Phosphoproteomic Analysis of Platelets Activated by Pro-Thrombotic Oxidized Phospholipids and Thrombin

Specific oxidized phospholipids (oxPCCD36) promote platelet hyper-reactivity and thrombosis in hyperlipidemia via the scavenger receptor CD36, however the signaling pathway(s) induced in platelets by oxPCCD36 are not well defined. We have employed mass spectrometry-based tyrosine, serine, and threonine phosphoproteomics for the unbiased analysis of platelet signaling pathways induced by oxPCCD36 as well as by the strong physiological agonist thrombin. oxPCCD36 and thrombin induced differential phosphorylation of 115 proteins (162 phosphorylation sites) and 181 proteins (334 phosphorylation sites) respectively. Most of the phosphoproteome changes induced by either agonist have never been reported in platelets; thus they provide candidates in the study of platelet signaling. Bioinformatic analyses of protein phosphorylation dependent responses were used to categorize preferential motifs for (de)phosphorylation, predict pathways and kinase activity, and construct a phosphoproteome network regulating integrin activation.

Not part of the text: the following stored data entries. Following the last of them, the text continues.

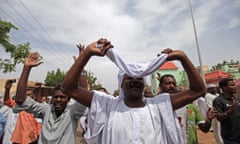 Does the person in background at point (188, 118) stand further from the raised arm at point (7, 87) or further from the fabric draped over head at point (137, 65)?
the raised arm at point (7, 87)

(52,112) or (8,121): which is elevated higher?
(52,112)

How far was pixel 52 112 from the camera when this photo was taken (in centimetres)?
284

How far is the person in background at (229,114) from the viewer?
3.49 meters

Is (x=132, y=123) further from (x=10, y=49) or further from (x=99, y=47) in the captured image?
(x=10, y=49)

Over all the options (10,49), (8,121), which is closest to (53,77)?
(10,49)

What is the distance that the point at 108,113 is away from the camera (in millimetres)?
2045

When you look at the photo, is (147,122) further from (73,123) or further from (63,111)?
(63,111)

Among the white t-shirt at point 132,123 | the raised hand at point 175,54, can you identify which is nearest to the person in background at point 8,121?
the white t-shirt at point 132,123

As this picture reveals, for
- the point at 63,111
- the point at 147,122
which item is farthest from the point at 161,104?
the point at 63,111

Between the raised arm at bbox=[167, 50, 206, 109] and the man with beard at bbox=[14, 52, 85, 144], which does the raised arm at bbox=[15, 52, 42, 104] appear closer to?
the man with beard at bbox=[14, 52, 85, 144]

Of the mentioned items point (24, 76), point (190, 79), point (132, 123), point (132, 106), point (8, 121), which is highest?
point (24, 76)

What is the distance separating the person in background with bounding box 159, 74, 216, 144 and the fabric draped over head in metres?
1.63

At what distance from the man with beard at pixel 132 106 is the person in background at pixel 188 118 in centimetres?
143

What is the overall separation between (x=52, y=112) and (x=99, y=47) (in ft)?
4.33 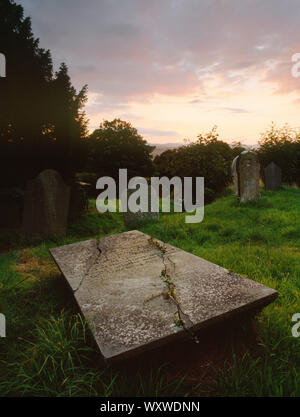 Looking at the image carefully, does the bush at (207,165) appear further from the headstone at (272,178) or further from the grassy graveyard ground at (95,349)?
the grassy graveyard ground at (95,349)

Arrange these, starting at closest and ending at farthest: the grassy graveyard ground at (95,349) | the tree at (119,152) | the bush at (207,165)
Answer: the grassy graveyard ground at (95,349)
the bush at (207,165)
the tree at (119,152)

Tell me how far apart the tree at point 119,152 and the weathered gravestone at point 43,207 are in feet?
35.8

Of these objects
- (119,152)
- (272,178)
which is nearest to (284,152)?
(272,178)

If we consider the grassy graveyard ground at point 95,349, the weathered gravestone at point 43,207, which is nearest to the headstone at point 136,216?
the weathered gravestone at point 43,207

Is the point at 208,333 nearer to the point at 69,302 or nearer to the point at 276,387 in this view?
the point at 276,387

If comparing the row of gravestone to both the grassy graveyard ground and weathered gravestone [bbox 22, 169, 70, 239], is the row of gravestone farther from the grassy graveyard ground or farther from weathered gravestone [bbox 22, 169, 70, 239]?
weathered gravestone [bbox 22, 169, 70, 239]

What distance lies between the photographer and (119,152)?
60.1ft

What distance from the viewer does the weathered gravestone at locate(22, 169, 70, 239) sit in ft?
19.2

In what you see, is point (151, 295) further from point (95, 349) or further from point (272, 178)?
point (272, 178)

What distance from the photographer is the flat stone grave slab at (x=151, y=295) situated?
1.50 metres

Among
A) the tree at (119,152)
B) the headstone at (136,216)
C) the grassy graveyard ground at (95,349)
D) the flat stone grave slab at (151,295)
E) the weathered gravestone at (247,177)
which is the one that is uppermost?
the tree at (119,152)

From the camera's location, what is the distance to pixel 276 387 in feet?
4.36

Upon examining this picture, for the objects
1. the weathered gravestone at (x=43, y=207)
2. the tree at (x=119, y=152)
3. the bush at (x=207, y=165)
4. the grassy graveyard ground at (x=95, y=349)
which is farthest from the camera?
the tree at (x=119, y=152)

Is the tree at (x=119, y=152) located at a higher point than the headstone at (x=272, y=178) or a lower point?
higher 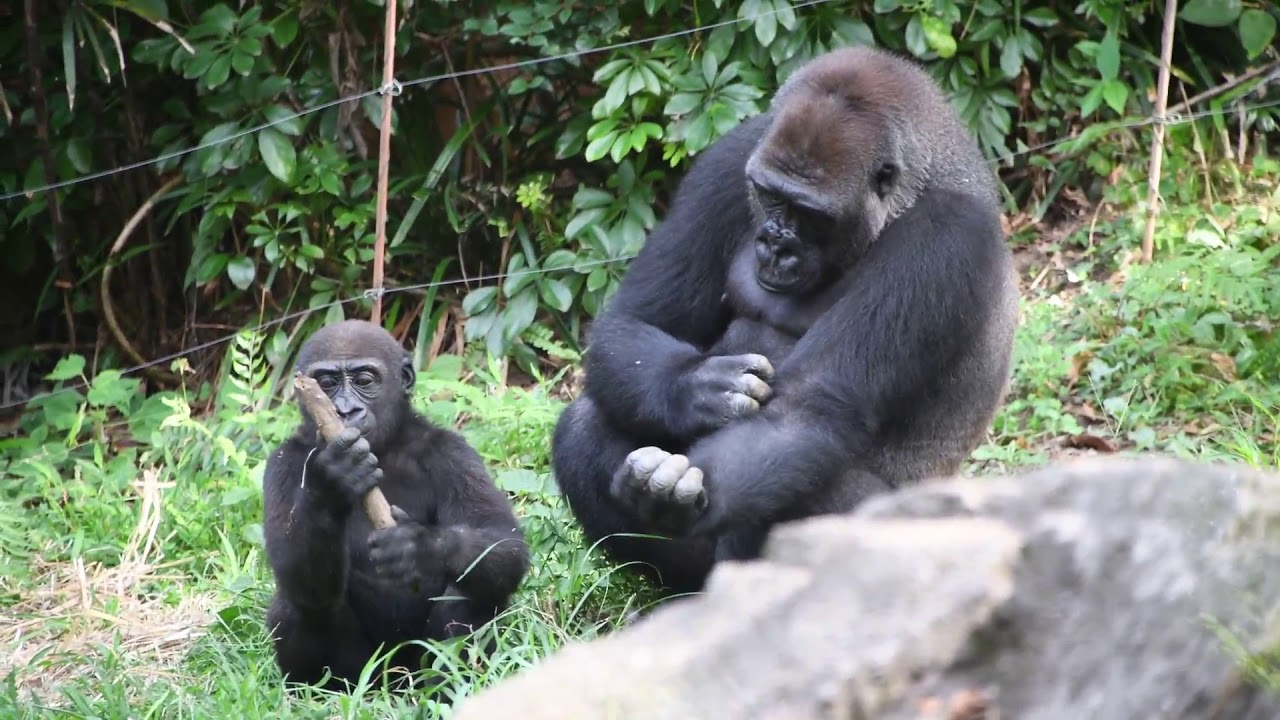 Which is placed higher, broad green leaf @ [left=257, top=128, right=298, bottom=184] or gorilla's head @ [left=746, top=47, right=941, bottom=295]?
gorilla's head @ [left=746, top=47, right=941, bottom=295]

A putative signaling pathway involving Src-family kinases, SYK, and PLCγ2 was identified in platelets activated by oxPCCD36. Subsequent ex vivo studies in human platelets demonstrated that this pathway is downstream of the scavenger receptor CD36 and is critical for platelet activation by oxPCCD36. Our results provide multiple insights into the mechanism of platelet activation and specifically in platelet regulation by oxPCCD36.

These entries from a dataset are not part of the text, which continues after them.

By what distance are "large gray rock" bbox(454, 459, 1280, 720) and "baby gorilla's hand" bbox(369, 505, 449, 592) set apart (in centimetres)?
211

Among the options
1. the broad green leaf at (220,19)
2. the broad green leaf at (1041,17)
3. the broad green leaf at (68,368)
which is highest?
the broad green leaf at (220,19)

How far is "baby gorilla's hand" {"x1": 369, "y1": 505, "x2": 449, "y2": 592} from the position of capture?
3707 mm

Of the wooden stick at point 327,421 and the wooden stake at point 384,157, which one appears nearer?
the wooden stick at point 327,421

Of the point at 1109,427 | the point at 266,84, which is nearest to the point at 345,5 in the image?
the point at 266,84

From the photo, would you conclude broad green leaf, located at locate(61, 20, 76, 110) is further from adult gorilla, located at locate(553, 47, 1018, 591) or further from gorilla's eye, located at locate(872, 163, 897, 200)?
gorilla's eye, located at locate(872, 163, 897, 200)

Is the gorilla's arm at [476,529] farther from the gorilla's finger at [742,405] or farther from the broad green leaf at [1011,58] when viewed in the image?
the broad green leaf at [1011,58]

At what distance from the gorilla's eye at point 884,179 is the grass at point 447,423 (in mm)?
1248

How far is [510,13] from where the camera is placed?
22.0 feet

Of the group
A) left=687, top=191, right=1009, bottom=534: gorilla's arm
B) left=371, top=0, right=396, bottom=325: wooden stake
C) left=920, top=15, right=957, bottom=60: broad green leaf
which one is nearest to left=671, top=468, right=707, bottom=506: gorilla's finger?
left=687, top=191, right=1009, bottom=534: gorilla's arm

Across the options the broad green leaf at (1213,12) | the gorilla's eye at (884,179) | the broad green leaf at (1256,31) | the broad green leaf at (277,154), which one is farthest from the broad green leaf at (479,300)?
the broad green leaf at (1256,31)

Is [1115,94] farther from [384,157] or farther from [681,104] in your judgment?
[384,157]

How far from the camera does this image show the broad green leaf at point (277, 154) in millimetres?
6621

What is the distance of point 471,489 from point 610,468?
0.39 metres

特异性氧化磷脂（oxPCCD36）可通过清道夫受体CD36（scavenger receptor CD36）促进高脂血症状态下的血小板高反应性与血栓形成，但oxPCCD36在血小板中诱导的信号通路尚未得到明确阐释。本研究采用基于质谱的酪氨酸、丝氨酸及苏氨酸磷酸化蛋白质组学技术，对oxPCCD36与强效生理激动剂凝血酶诱导的血小板信号通路开展无偏分析。oxPCCD36与凝血酶分别诱导了115种蛋白（162个磷酸化位点）与181种蛋白（334个磷酸化位点）的差异磷酸化修饰。两种激动剂诱导的多数磷酸化蛋白质组变化此前均未在血小板中被报道，因此可为血小板信号通路研究提供候选靶点。研究人员通过对蛋白质磷酸化依赖应答的生物信息学分析，对（去）磷酸化的偏好基序进行分类、预测信号通路与激酶活性，并构建了调控整合素激活的磷酸化蛋白质组网络。本研究在oxPCCD36激活的血小板中鉴定出一条涉及Src家族激酶、SYK与PLCγ2的潜在信号通路。后续在人源血小板中开展的离体实验证实，该通路位于清道夫受体CD36的下游，且对oxPCCD36介导的血小板激活至关重要。本研究结果为血小板激活机制，尤其是oxPCCD36对血小板的调控机制提供了多项新见解。